> **Available data**
_ _ _ _ _ _ _

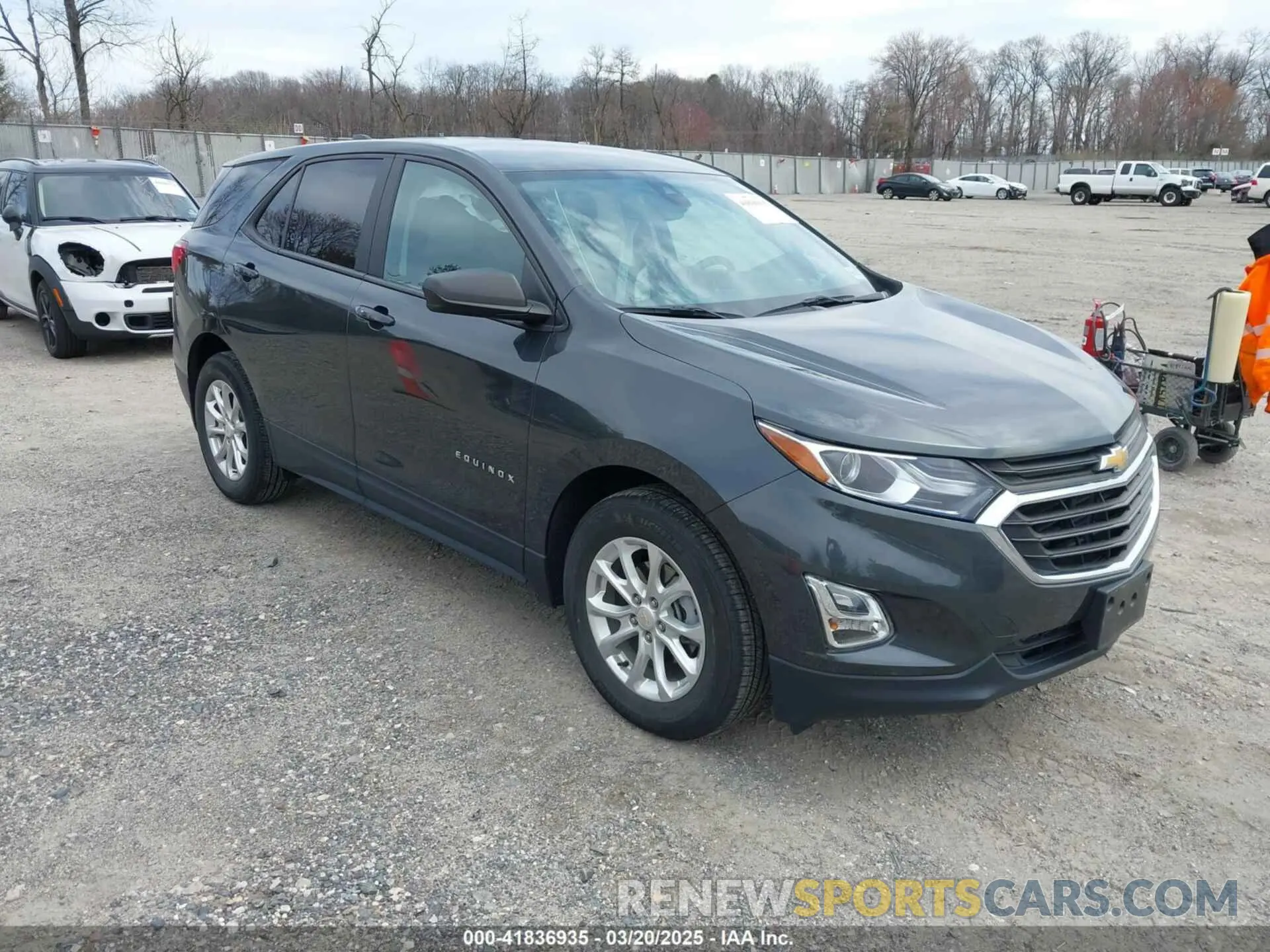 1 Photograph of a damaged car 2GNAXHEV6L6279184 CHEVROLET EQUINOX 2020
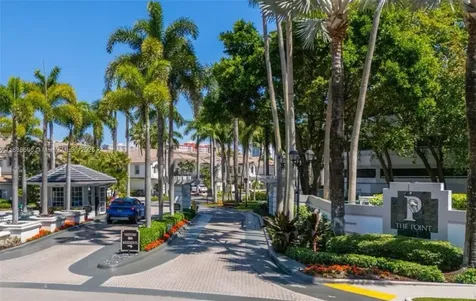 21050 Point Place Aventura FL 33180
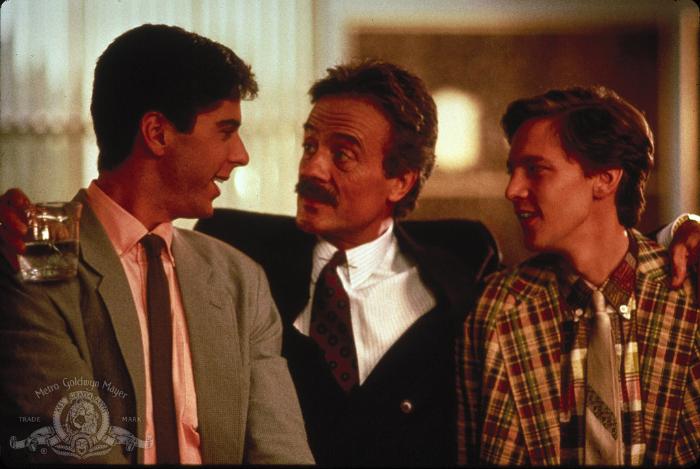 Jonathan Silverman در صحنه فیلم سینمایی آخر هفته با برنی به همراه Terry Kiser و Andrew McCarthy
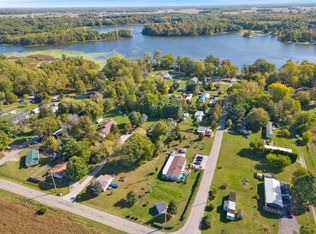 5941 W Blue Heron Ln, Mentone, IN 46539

_ _ _ _ _ _ _

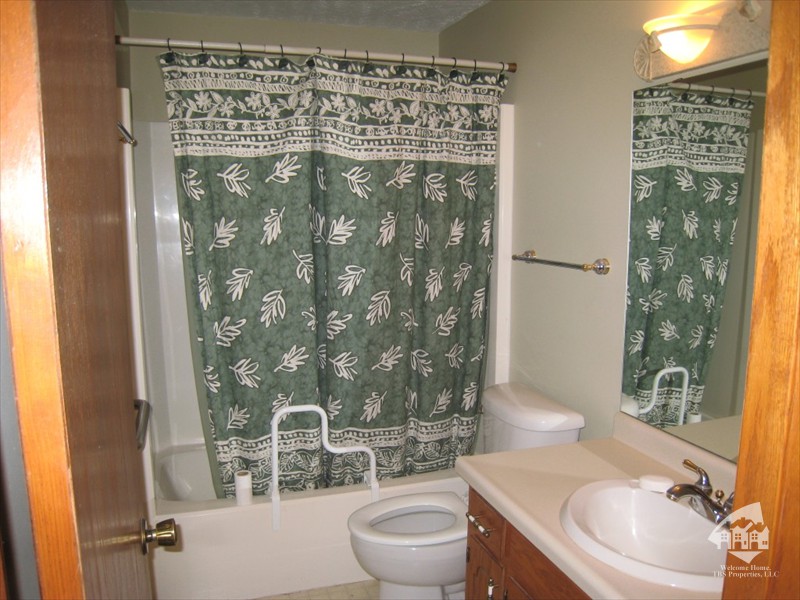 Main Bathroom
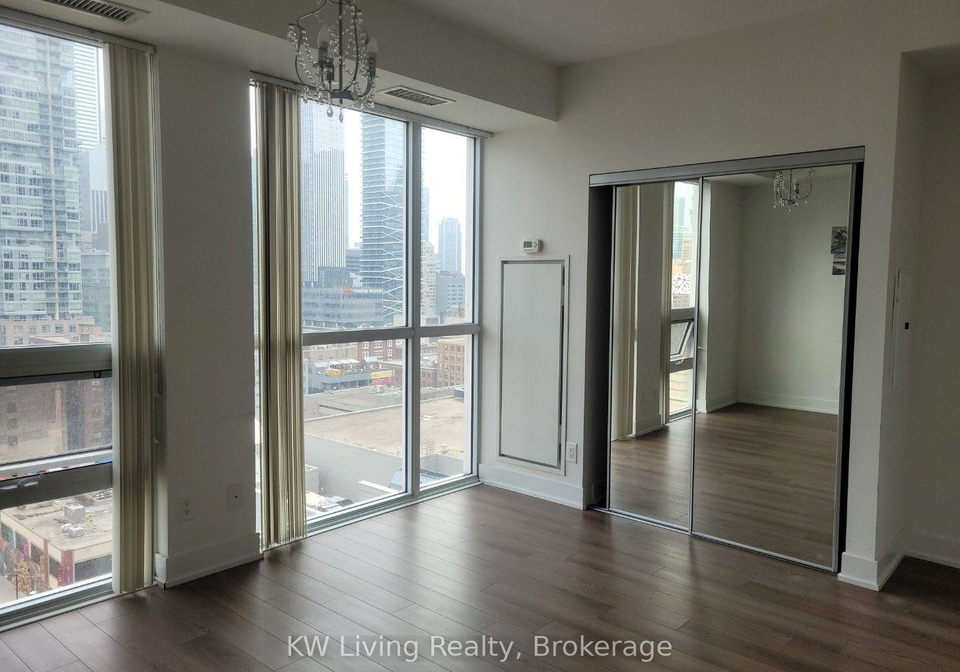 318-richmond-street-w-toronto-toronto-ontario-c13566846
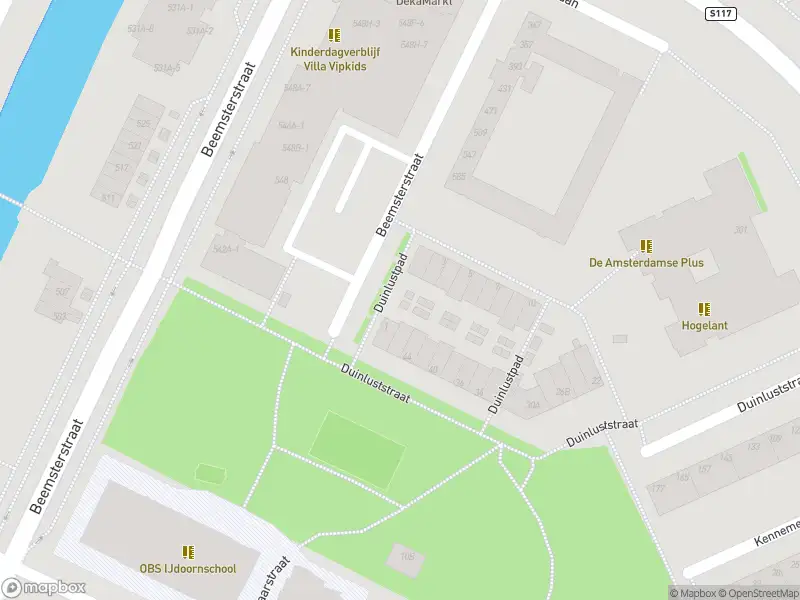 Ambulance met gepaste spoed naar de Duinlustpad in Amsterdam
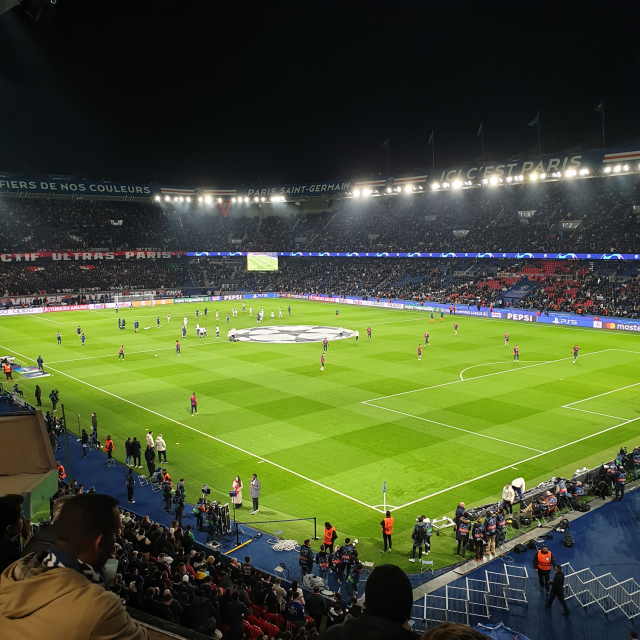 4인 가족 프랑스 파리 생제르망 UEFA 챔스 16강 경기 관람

_ _ _ _ _ _ _

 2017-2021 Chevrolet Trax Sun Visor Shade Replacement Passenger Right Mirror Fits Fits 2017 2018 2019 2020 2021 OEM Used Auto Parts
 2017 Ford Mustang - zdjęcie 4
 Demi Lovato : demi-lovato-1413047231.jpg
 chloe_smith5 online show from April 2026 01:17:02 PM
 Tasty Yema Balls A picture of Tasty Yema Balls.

_ _ _ _ _ _ _

Keeping every character as it is, restate the lines above that run from the line with "2017 Ford Mustang - zdjęcie 4" through the line with "Tasty Yema Balls A", both included, and nothing else.

> **Solution to the exercise**
 2017 Ford Mustang - zdjęcie 4
 Demi Lovato : demi-lovato-1413047231.jpg
 chloe_smith5 online show from April 2026 01:17:02 PM
 Tasty Yema Balls A picture of Tasty Yema Balls.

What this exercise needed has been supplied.